As a professor, Burdick has mentored numerous Ph.D. and master’s students in addition to nearly 40 undergraduate researchers. She has collaborated with her students to teach them lab techniques, experiment planning, data analysis and research presenting. She has encouraged and guided her students to present their research at national meetings and co-author peer-reviewed publications. 

"Dr. Burdick clearly cares about the organization (TBP), the school and its students. She helps to make sure that everything is on time and organized. She is thoughtful and has great ideas on events and we would not be nearly as successful without her," Jason Sommer, mechanical engineering student and president of TBP’s Delta chapter, said. 
Her work as an enthusiastic and hands-on mentor has not gone unnoticed.
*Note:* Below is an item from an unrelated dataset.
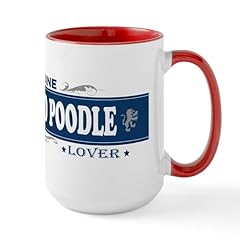 Cafepress standard poodle for sale  Delivered anywhere in UK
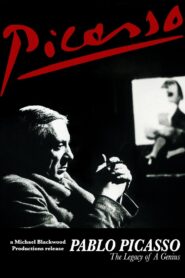 Pablo Picasso: The Legacy of a Genius 1981 one on netflix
In 2022, several of her past students nominated her for a mentoring award from the Women’s Initiative Committee for AIChE. She has previously been recognized with the 2014 Excellence in Education Award from the Ohio Magazine, 2016 and 2020 Ohio University Cutler Scholars Outstanding Mentor Award and for leading the OH Delta Chapter to receive a TBP Chapter Excellence Award for three consecutive years (2020-22). 

"Dr. Burdick’s mentorship means the world to me. [She] came into my life right as I was stepping into adulthood and figuring out what I wanted to do with my career. She trained me in most of the skills I use in my current role, and more importantly, exemplified how I strive to be as a professional. She is as passionate about her research as she is about her students. She showed me that I didn’t have to conform to stereotypes of what I thought an engineer had to be,” Nicole Sova, MSBE ‘18, BSCE ‘16, said. 

“Dr. Burdick is an amazing advocate for student success. She has done so much for students and Tau Beta Pi, and always encourages us to pursue opportunities no matter how daunting,” mechanical engineering student, Cassidy Serger added.